Well, I'm not sure what they are. Oh, you lads have to get yourselves an estate, don't you?
Japanese ticklers, slightly sharp soil?
Where's Dave Boot?
Dave Boot? Oh, oh, Mr Boot. He's taken his motorbike to the garage.
Detective Constable Davis. Get him, eh?
So as we make our way to our next location,
Eli has decided to take us on another step on his magical fucking mystery tour of his life.
So where did we just walk past your original family home?
We walked down Fordwich Road and then along St Cuthbert's Road,
which was my original family home, was there,
and you saw we had a big old house there.
It was a big old house, and he had an au pair,
and Mama used to take him for peaches.
We're not talking about the au pair.
Peaches.
Anyway, but now we're in the estate, Templar Estate,
which is behind where St Cuthbert's Road, sort of on the block.
And it's a sort of grand kind of very plain buildings, aren't they?
Well, they're built for purpose,
which is to be big, huge boxes for people to live in.
Yes.
You know, there's nothing glamorous about them.
And there used to be a playground
where they put some more sort of council houses,
but I was saying to Paul,
I used to roller skate or play in that playground,
and it was at the back of my house.
My dad used to stick his head out and go,
Eli! Eli!
And then all the kids would take the piss out of me
because he had an American accent.
Eli's dad is shouty.
Yeah, basically. He's dad is shouty.
He's American dandy.
Yeah, basically.
Something like that. And then you go,
OK, daddy boy,
I'll come skitter-skatting on me little...
That's exactly how I sounded.
It's uncanny.
You roller-skated all the way home.
Yes.
And, papa, may I play with the children?
We've walked down through the Templar estate
and we're passing a number three on one of these buildings which I distinctly remember as a child was they kicked a hoarder out
there was someone who died or had to be moved who was a big overweight guy who
hoarded and it hit the flat and some for some reason the flat was open and all
the kids local kids including me had access to it and it was full of crap
like a hoarders place like it stank really bad like
but there was all these these piles of comics marvel and i was into those at the time and it
was like we grabbed some and we came out i'm sure it was number three so you stole the comics from
a dead man it was a child i didn't know any better looking back on it i realized he must have been a
hoarder or had mental health problems and got moved out. But we were just like, hey, it's over.
But the upside is you got fucking Iron Man 1976 out of it or something.
You know what I think I found was some Indiana Jones comics.
Oh, do you know what's spooky?
So I'm not going to go into all the details,
but we had to clean out a room recently, me and my partner.
We had Indiana Jones comics?
Loads of Indiana Jones comics.
That was quite a long run, the Marvel Indiana Jones.

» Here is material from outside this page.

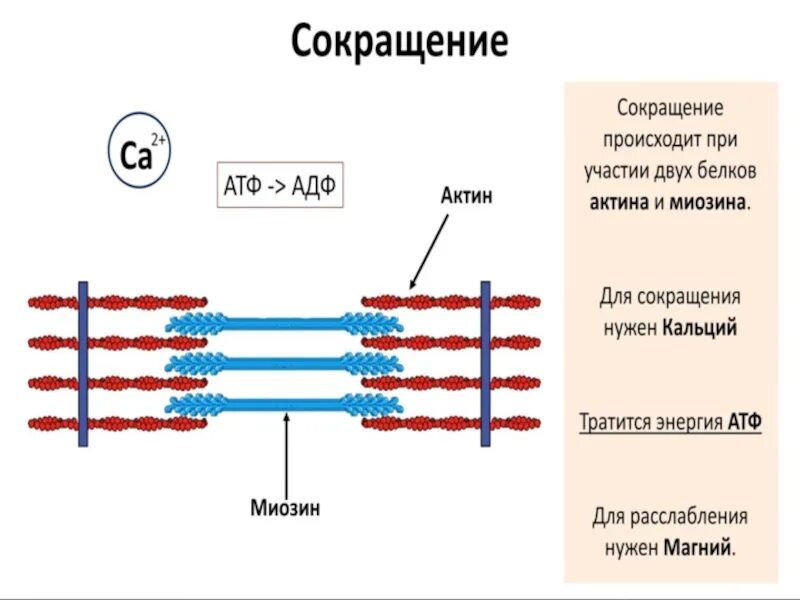 Строение саркомера мышечного волокна. Актин миозин АТФ. Миофибриллы актин миозин. Структура саркомера и механизм сокращения мышечного волокна. Сокращение актина и миозина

They did quite a lot of them, didn't they?
Well, these were all like...
The comics I've got came out before Temple,
so it was all featuring the characters of Raiders,
and it was all like, to be honest, a little bit racist.

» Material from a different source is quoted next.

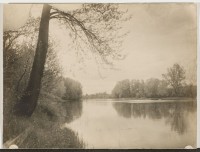 André Kertész: Szigetbecse, a holtágban tükrözödő fa. 1914. május (Szigetbecse, a tree reflected in the backwater, May 1914)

It's all like Indiana Jones dealing with
Umaguma tribes and stuff like that, you know what I mean?
Why does racism keep popping up all the time?
The world was so racist.
The world still is racist,
because when we run out of things to hate people for legitimately,
we just fall back on fucking lazy broad stereotypes.

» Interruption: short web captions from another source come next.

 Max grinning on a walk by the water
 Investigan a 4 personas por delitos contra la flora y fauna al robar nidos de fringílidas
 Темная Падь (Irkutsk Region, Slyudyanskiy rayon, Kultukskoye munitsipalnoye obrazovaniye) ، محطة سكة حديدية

Whilst we're on that topic,
at the beginning of The Dangerous Davis,
the last detective film, Paul...
Rat!
Oh, yeah, I saw a rat.
Oh, mate, it was a big...
It was a huge... I thought it was a cat.
Oh, my God.
But it was... There it is, it went again.
Where?
It ran across those steps and then straight back,
but it was a huge fucker.
Anyhow...
Whoa!
Anyhow, at the beginning
of the Dangerous Davis
film
he gets called
to deal with a man
who won't leave
his lodgings
no
and the man
is a black individual
and
and to make sure
people know that
outside the colour of his skin
they dress him up in like
faux African
kind of tribal wear
yeah
yes
and it's all very problematic and cringy.
But then, funnily enough, they must have had some awareness, the filmmakers,
because the next scene is Dangerous Davis entering the police station
and there's a black officer there.
And so it's like, you know what I mean?
They're obviously aware, but it's... I don't know.
I don't know if that was in the novel.
Well, here's the thing.
I think, because he's a Welsh writer,
I wonder if he's a Welsh writer imagining what North West London was like.
Yeah.
Or whether he actually lived here,
and part of it is slightly autobiographical in terms of the areas.
I think maybe, because it is very specific,
the kind of...
It is set in North West London,
and there are specific places, aren't there?
Well, that's why we watched it,
because we kept sitting there going,
oh, where's that road? What's that? Who's that? Where's that?
Is that there anymore? You kind of have this...
Yes, which is the delight, which is the pleasure of the film,
that we got pleasure from noticing the places.
Now, also, just to mention, Paul, what was I going to say?
I was talking about a rat.
Oh, no, we saw...
And then we were talking about the racist guy...
Oh, yes. Now, when he puts borders. And then we were talking about the racist guy. Oh, yes.
Now, when he puts a bin on his head, does he?
Bernard Cribbins puts a bin on his head because he knows he's probably going to get whacked.
And that's why they called him in to do it.
Because he seems to be the...
He's like a stuntman police officer, isn't he?
Is there a chance a policeman will get beaten?
Send in dangerous Davies first.
Anyway, what ends up happening is he gets smashed over the head
by the occupant with a mirror, right?
And then all the other police officers, like the bobbies,
rush in and stand on top of the mirror
and stand on top of Dangerous Davies and trample him.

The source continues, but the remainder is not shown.